[Brief descriptive captions]
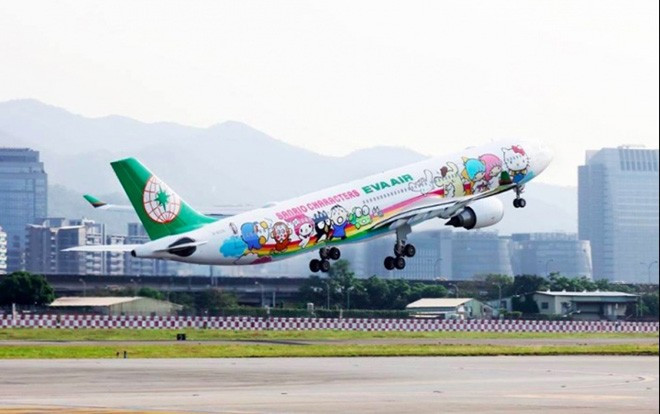 Vi sao may bay nang ne co the bay luon nhu chim?-Hinh-2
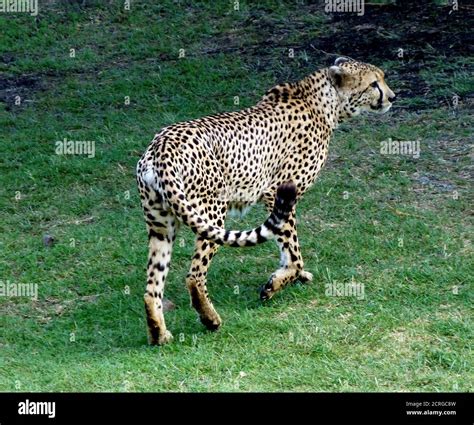 Image result for Predators Wild Cheetah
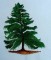 BFC0182  Winter Greenery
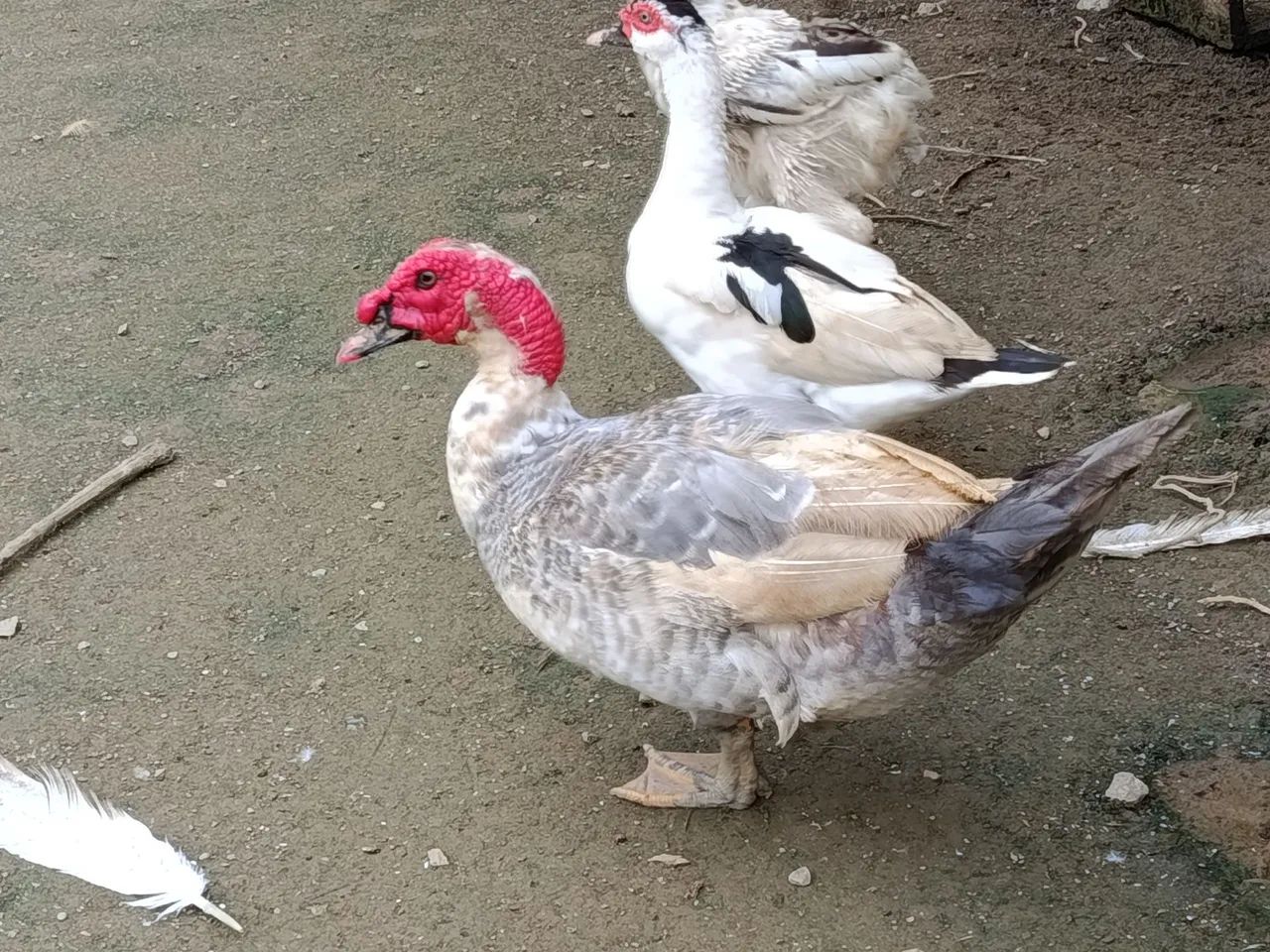 Patos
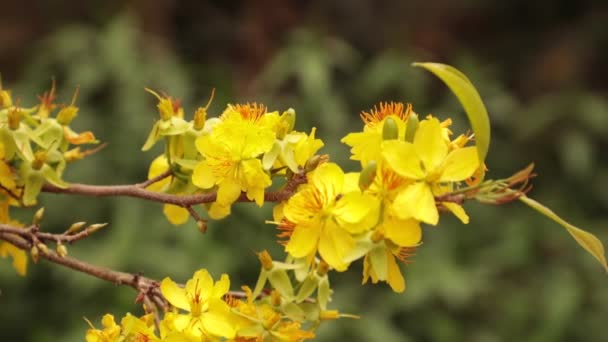 Uma Árvore Flor Damasco Florescente Amarelo Vibrante Clipe Imagens Estoque — Vídeo de Stock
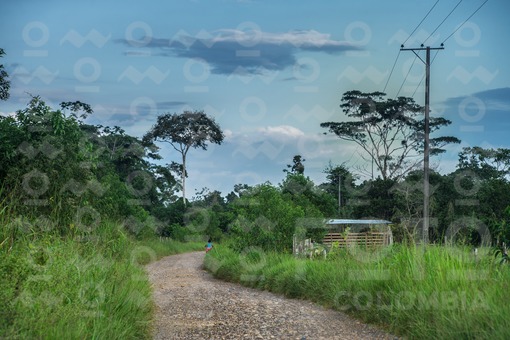 carretera rural  Putumayo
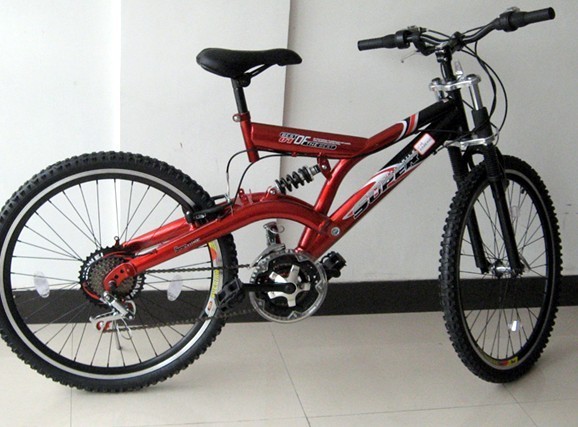 Mountain Bicycle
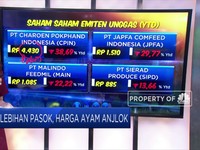 Harga Ayam Anjlok, Peternak Menjerit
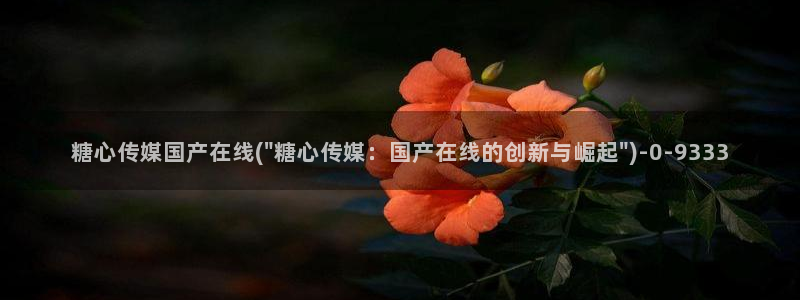 糖心vlog网页入口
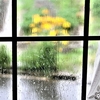 雨がやむのを待つ間に、一歩踏み出してみた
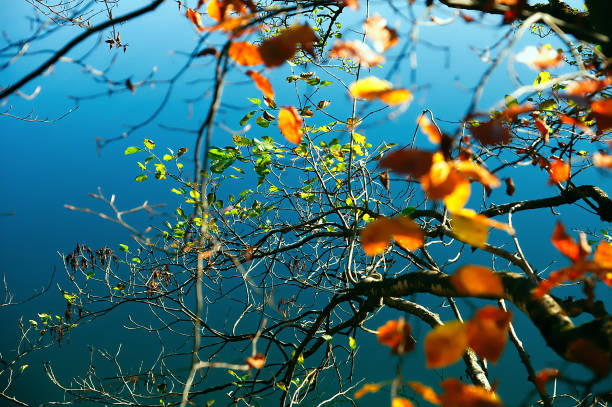 Autumn Season COLOR leaves at lake Plitvice. Croatia stock photo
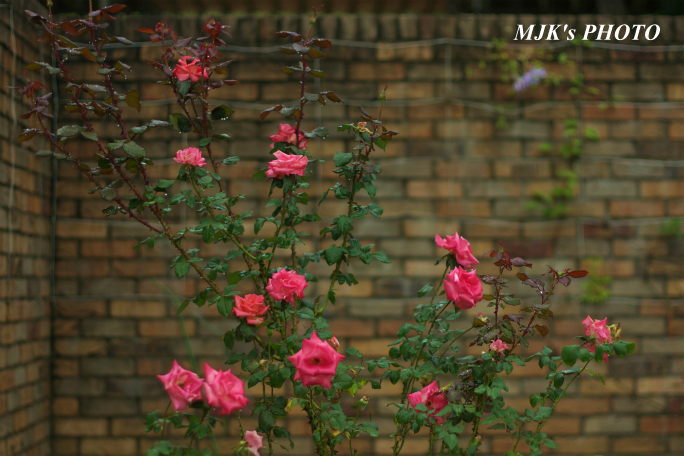 rose1768.jpg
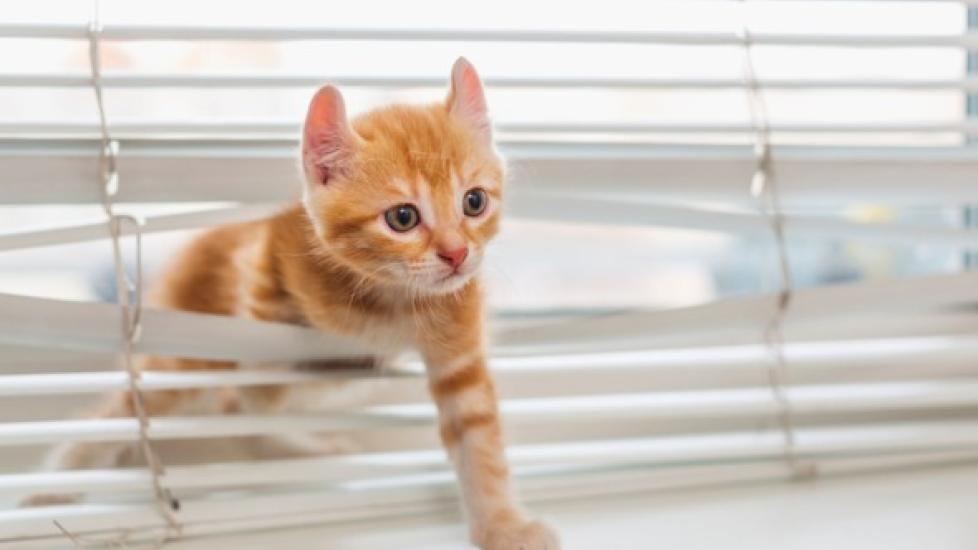orange kitten playing with window blinds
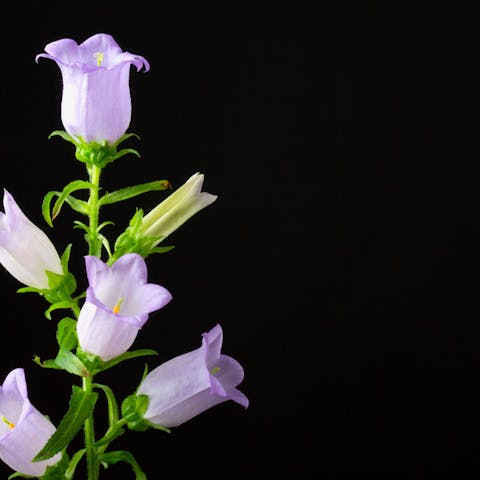 Bell Flower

Work instructions>
Reproduce exactly the lines that run from the line holding "Mountain Bicycle" through the final line of the entries, and omit every picture.

Task solution>
 Mountain Bicycle
 Harga Ayam Anjlok, Peternak Menjerit
 糖心vlog网页入口
 雨がやむのを待つ間に、一歩踏み出してみた
 Autumn Season COLOR leaves at lake Plitvice. Croatia stock photo
 rose1768.jpg
orange kitten playing with window blinds
 Bell Flower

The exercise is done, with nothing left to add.